▶ [Requirement]:
Starting at the line holding "HS female art" and finishing at the line holding "Modern oval walnut", transcribe the material exactly, keeping both ends but no pictures.

▶ [Task material]:
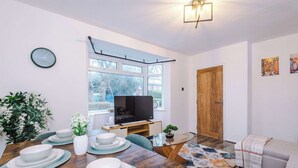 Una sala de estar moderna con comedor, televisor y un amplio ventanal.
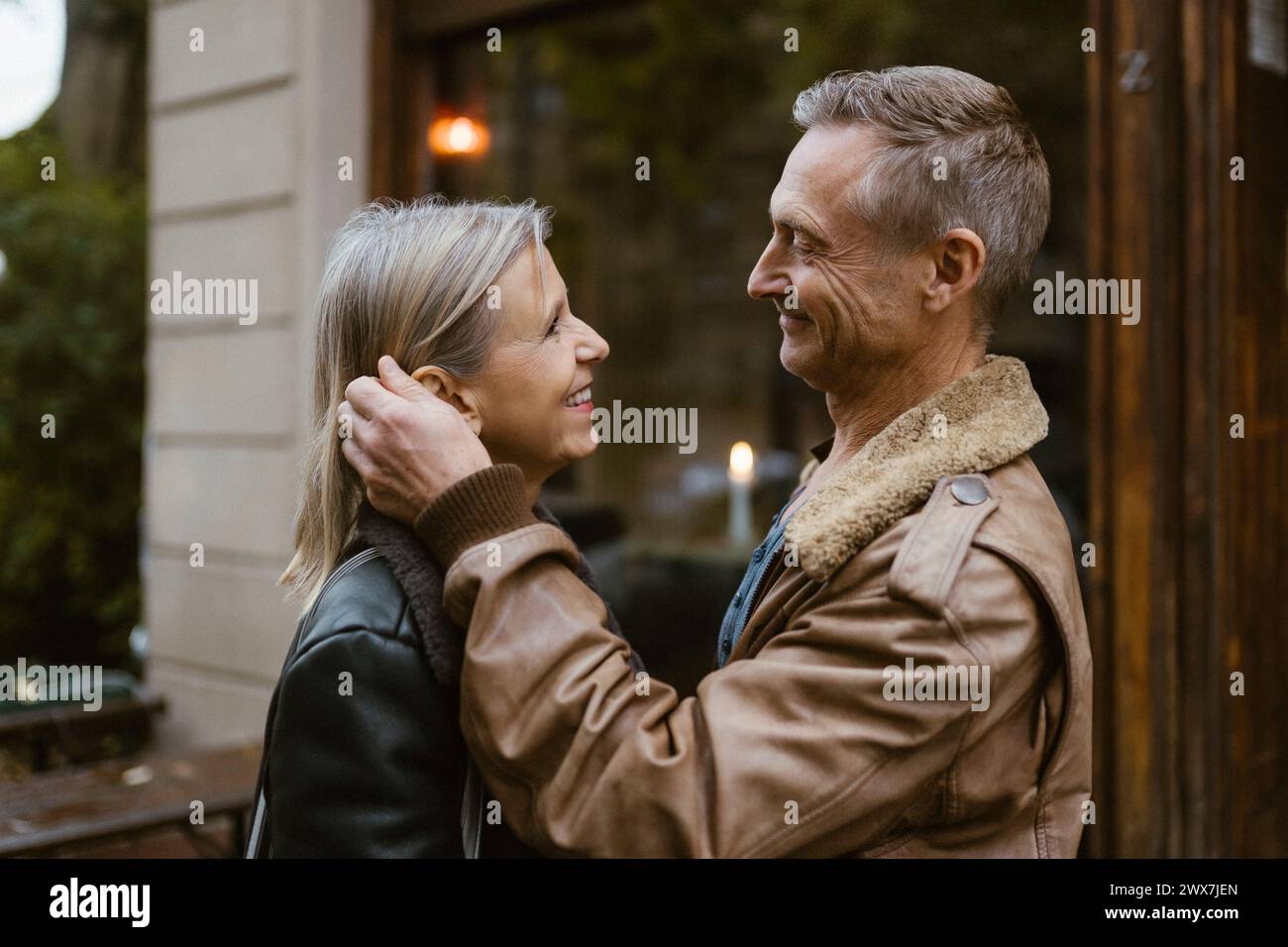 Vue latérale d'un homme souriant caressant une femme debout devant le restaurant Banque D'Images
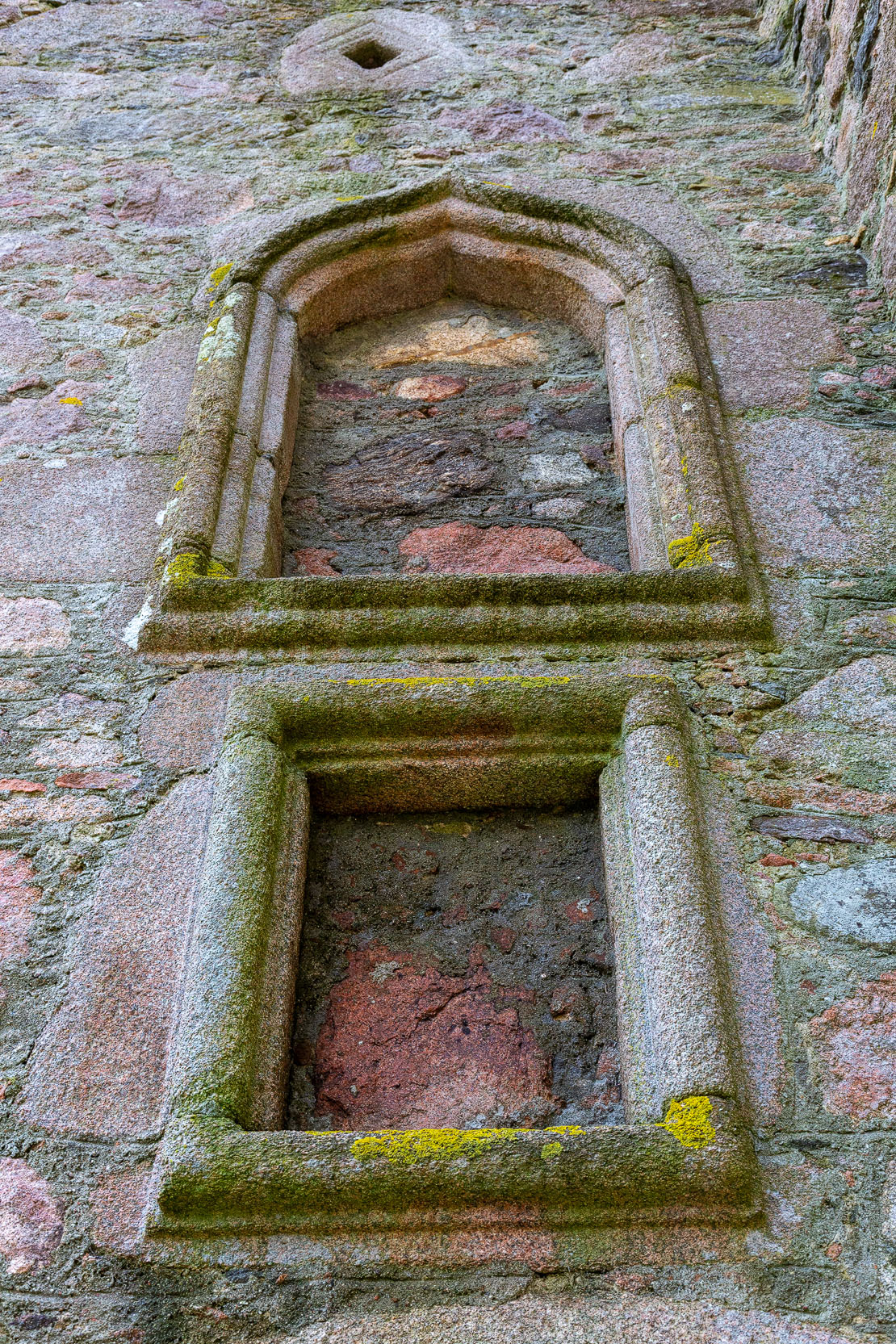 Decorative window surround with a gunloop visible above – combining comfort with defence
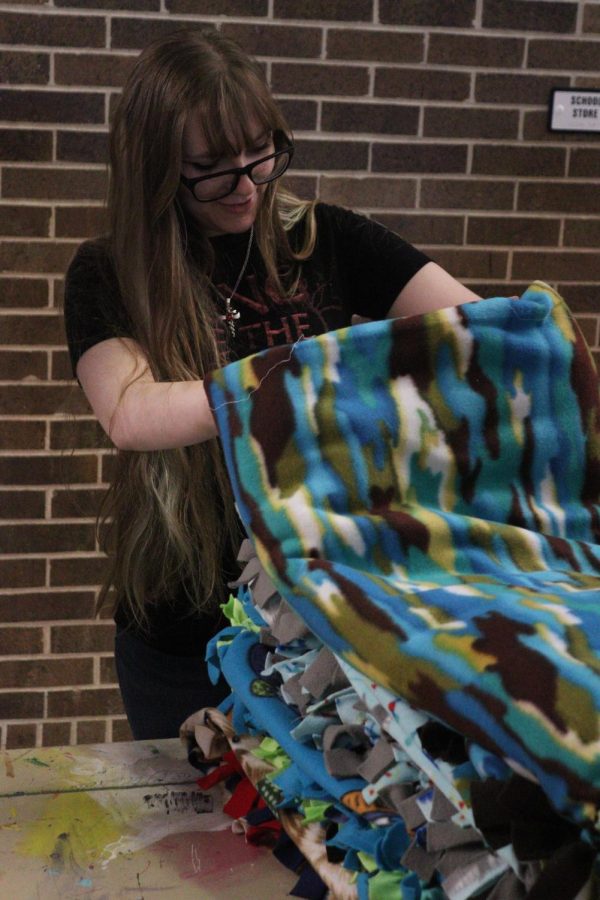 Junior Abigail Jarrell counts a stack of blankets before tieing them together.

* * *

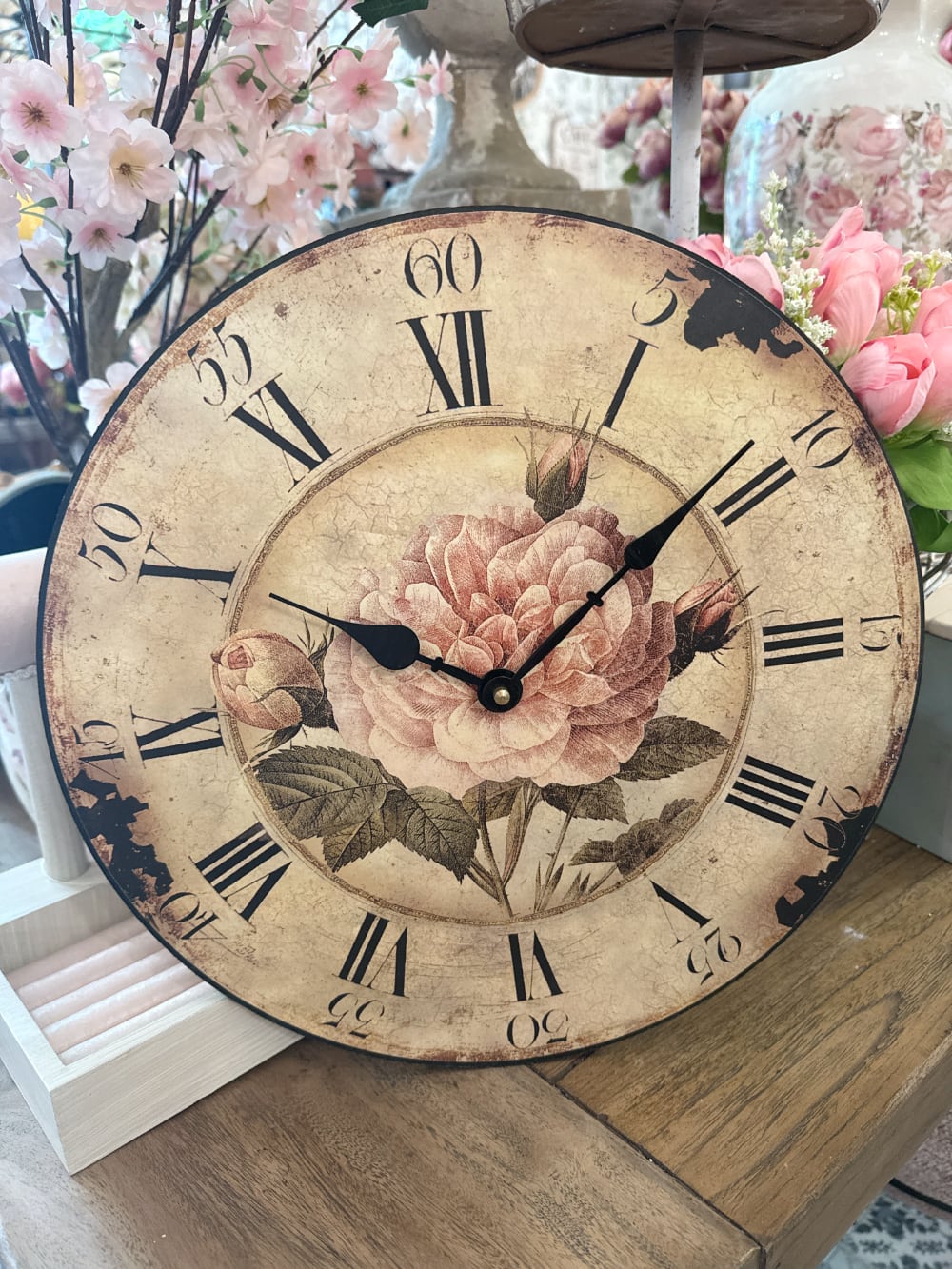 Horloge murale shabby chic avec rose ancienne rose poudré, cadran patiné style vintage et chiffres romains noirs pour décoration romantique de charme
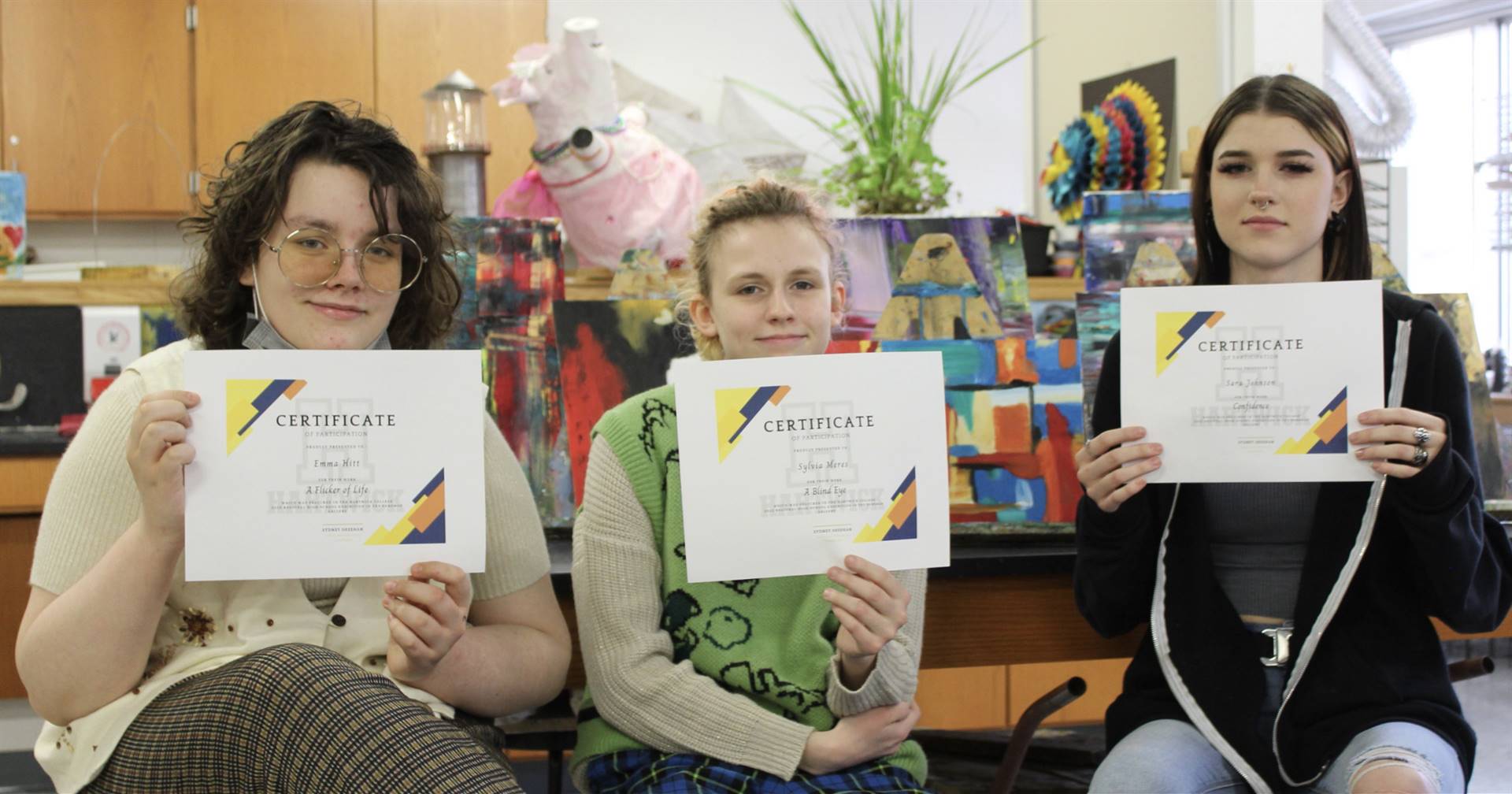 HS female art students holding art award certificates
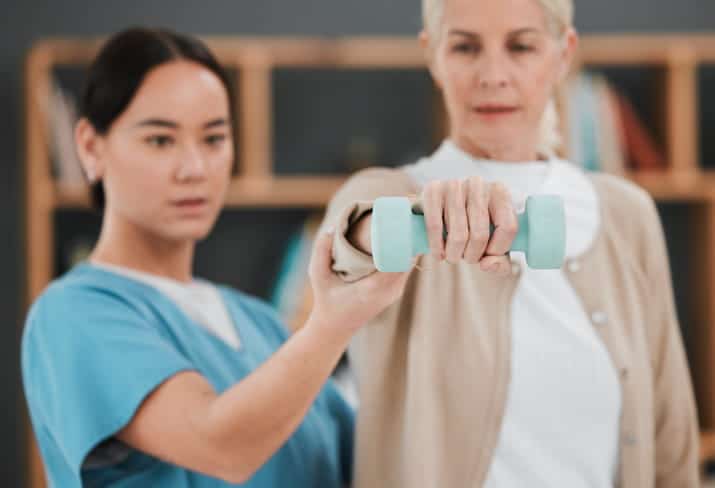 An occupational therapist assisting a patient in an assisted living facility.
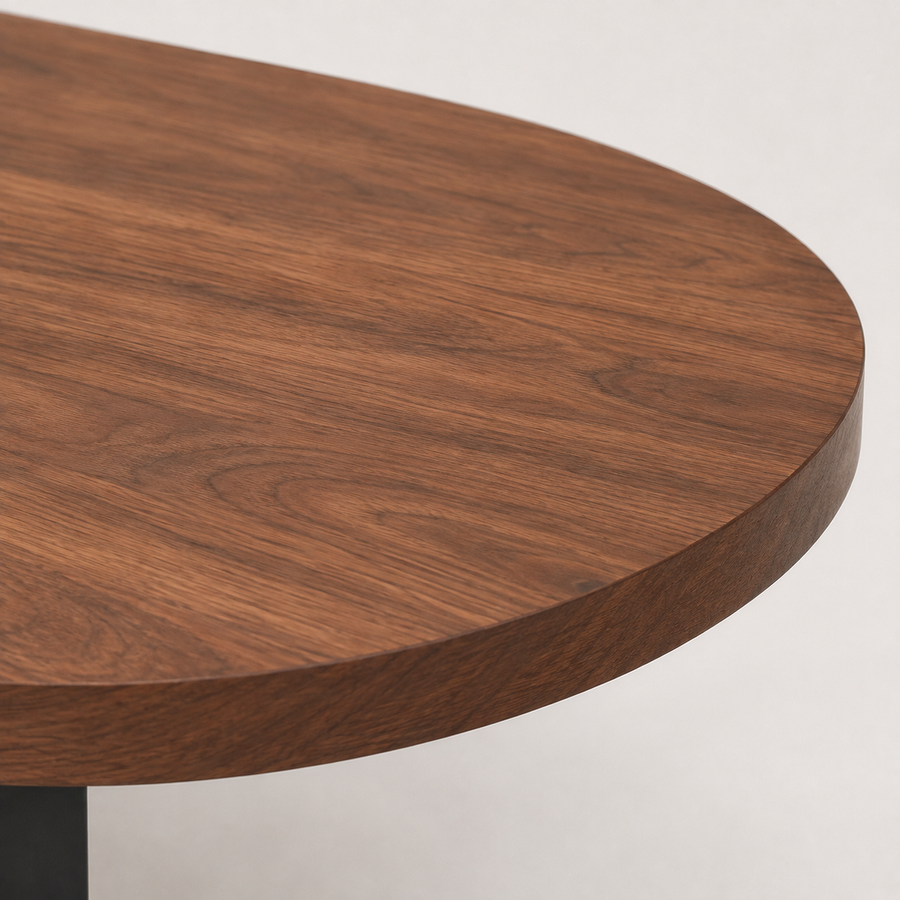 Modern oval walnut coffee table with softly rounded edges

▶ [Response]:
 HS female art students holding art award certificates
 An occupational therapist assisting a patient in an assisted living facility.
 Modern oval walnut coffee table with softly rounded edges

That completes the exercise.